ブリッジは、指揮者の父親からヴァイオリンの手ほどきを受け、ヴァイオリニストを目指しましたが、のちにヴィオラに転向、ヨアヒム四重奏団(1906)、イギリス弦楽四重奏団(~1915)などでのヴィオラ奏者として活躍しました。その傍ら、指揮者としても活躍し、サヴォイ劇場(1910~11)、コヴァント・ガーデン(1913)などでオペラを指揮したほか、ロンドン交響楽団などの主要オーケストラにも客演を重ねました。難解な演目も即座に指揮できる有能な指揮者だったため、指揮者ヘンリー・ウッドは、プロムナード・コンサートでの自身の代役に彼を指名したといいます。
このように、指揮者・ヴィオラ奏者として広く活躍したブリッジですが、作曲家としては不遇をかこちました。
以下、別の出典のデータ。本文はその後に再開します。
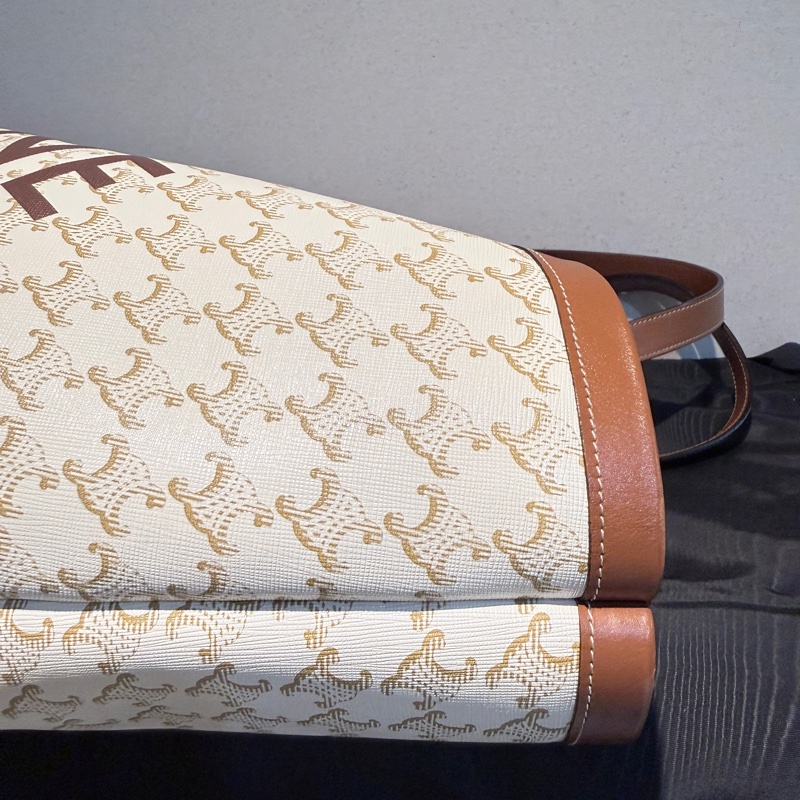 CELINE✨COUFFIN白色老花扇形托特包單肩包沙灘包購物包-10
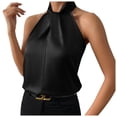 thumbnail image 1 of Youmylove Womens 2025 Trendy Top Silk Satin Casual Sleeveless Neck Tank Top Summer Curved Hem Lightweight Dressy Blouses Shirt Workout Undershirt Top, 1 of 5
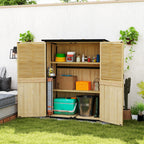 Wood Storage Shed, Outdoor Garden Shed with Asphalt Roof, 2 Shelves, Lockable Doors and Adjustable Feet, Natural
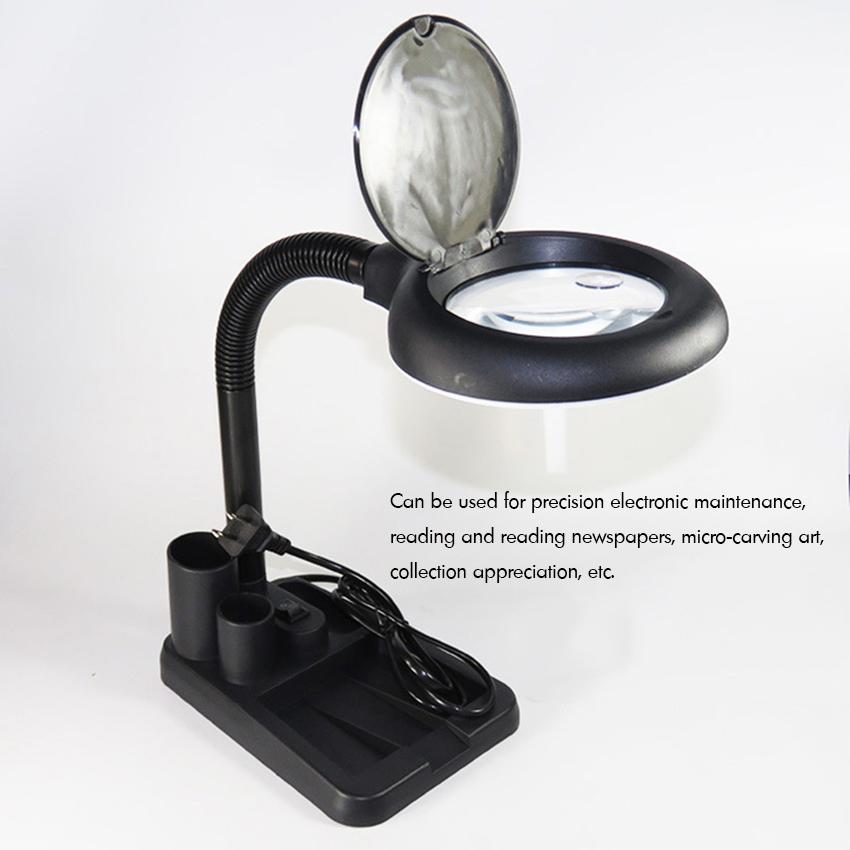 Flexible Lupe 5x 10x Tisch & Schreibtisch-Lupe Energiesparende LED Ultra Helles Licht Elektronik-Reparaturwerkzeug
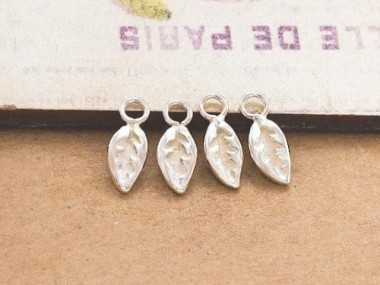 925 Sterling Silver Leaf Charms 4x7mm.,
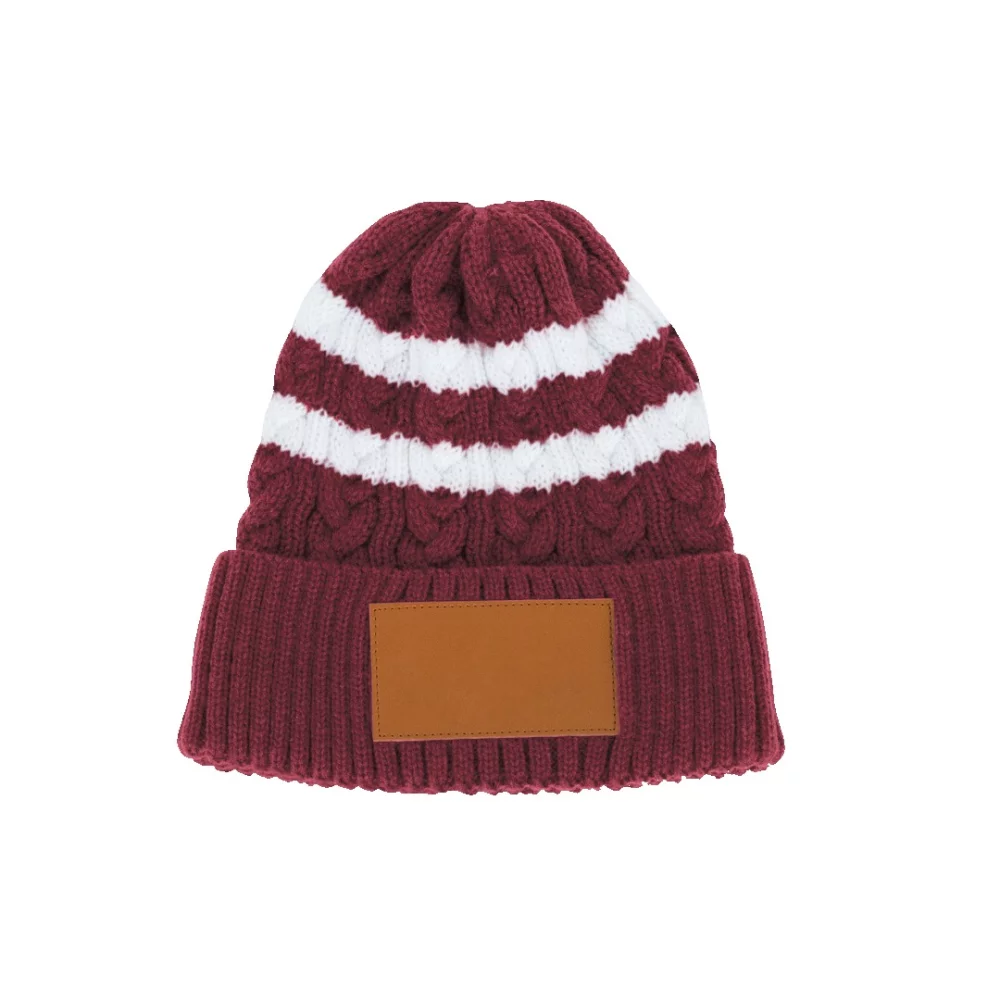 Bonnet en tricot torsadé avec revers/bord retroussé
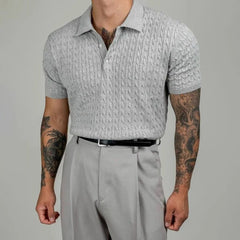 HEARUJOY - Men's Knitted Short-Sleeved Polo Shirt American Retro Fashion Trend Casual Simple Loose Breathable Niche Summer New Men's Tops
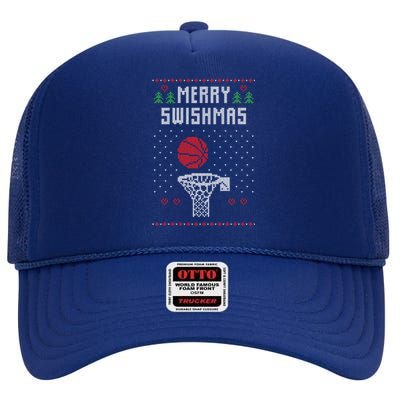 Merry Swishmas Basketball Ugly Christmas Sweaters Great Gift High Crown Mesh Back Trucker Hat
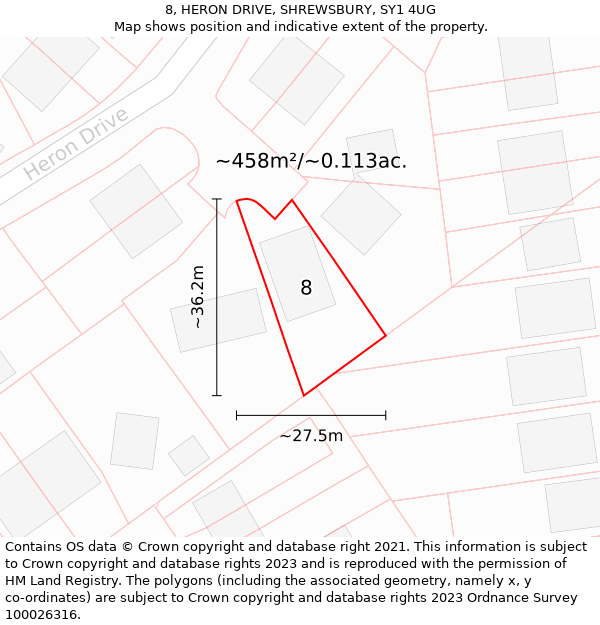 8, HERON DRIVE, SHREWSBURY, SY1 4UG: Plot and title map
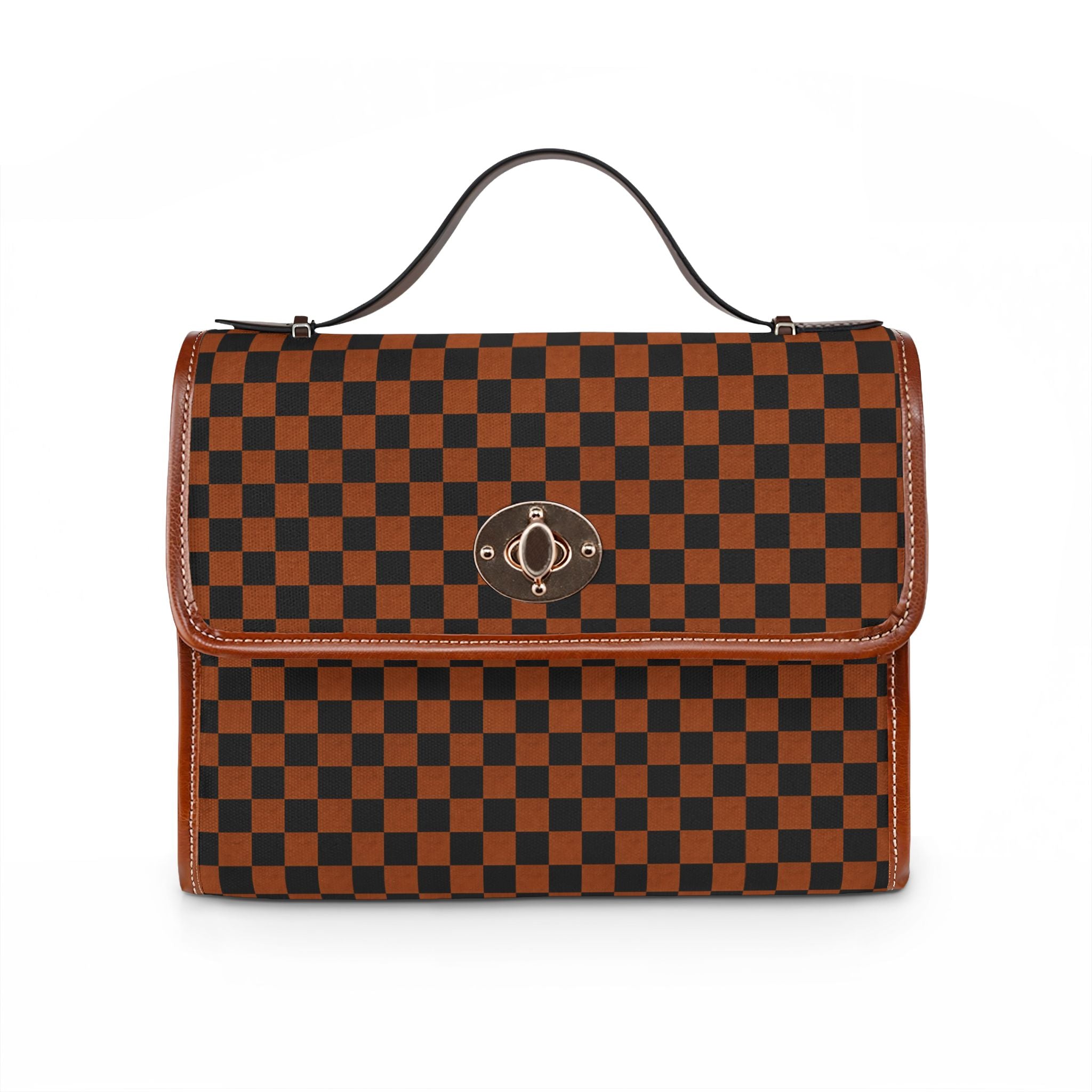 Brown Checkerboard Waterproof Canvas Bag | Top Handle Shoulder Bag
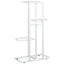 blomsterstativ i 4 niveauer 43x22x76 cm metal hvid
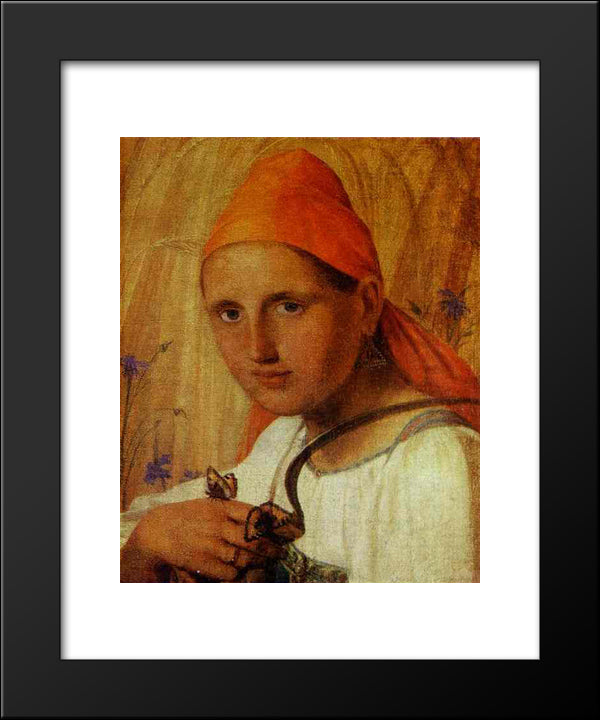 Peasant Girl With Butterflies 20x24 Black Modern Wood Framed Art Print Poster by Venetsianov, Alexey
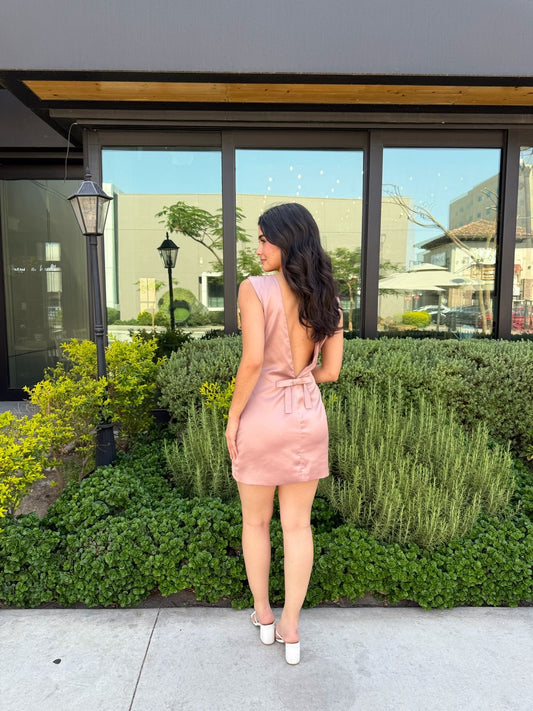 Vestido Satin Moño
諸外国から孤立した島国イギリスの保守的な楽壇では、ブリッジの斬新な和声は理解されなかったのです。ブリッジは、ヴィオラ奏者として、ラヴェルやドビュッシーの弦楽四重奏曲のイギリス初演にかかわるなど、多くの先進的な作品に触れてきました。このような経験が、彼の創作に和声的な影響を与えたとも言われています。
ブリッジの音楽は、作品によって、ブラームス風だったり、ドビュッシー風だったり、ベルクを彷彿とさせるほど前衛的だったり、などと、がらりと雰囲気を異にし、同じ作品の中でもさまざまな書法が散見されます。折衷的などと評されますが、あらゆる書法に精通したその作曲技術は只者ではありません。そして、使われている書法はさまざまでも、全体を貫く響きは、いつも凛としたクールな叙情を湛えていて、それがブリッジならではの個性となっています。なお、彼の唯一の弟子であった作曲家ベンジャミン・ブリテン(1913-76)は、「フランク・ブリッジの主題による変奏曲」を作曲するなど、彼の作品の紹介に積極的に努めました。わが国でも、最近、ピアニスト舘野泉氏の復帰の契機となった作品(ブリッジ「(左手のための)3つのインプロヴィゼーション」)が話題になりましたが、ブリッジの音楽は死後評価を高め、今日のイギリスでは広く人気を博しています。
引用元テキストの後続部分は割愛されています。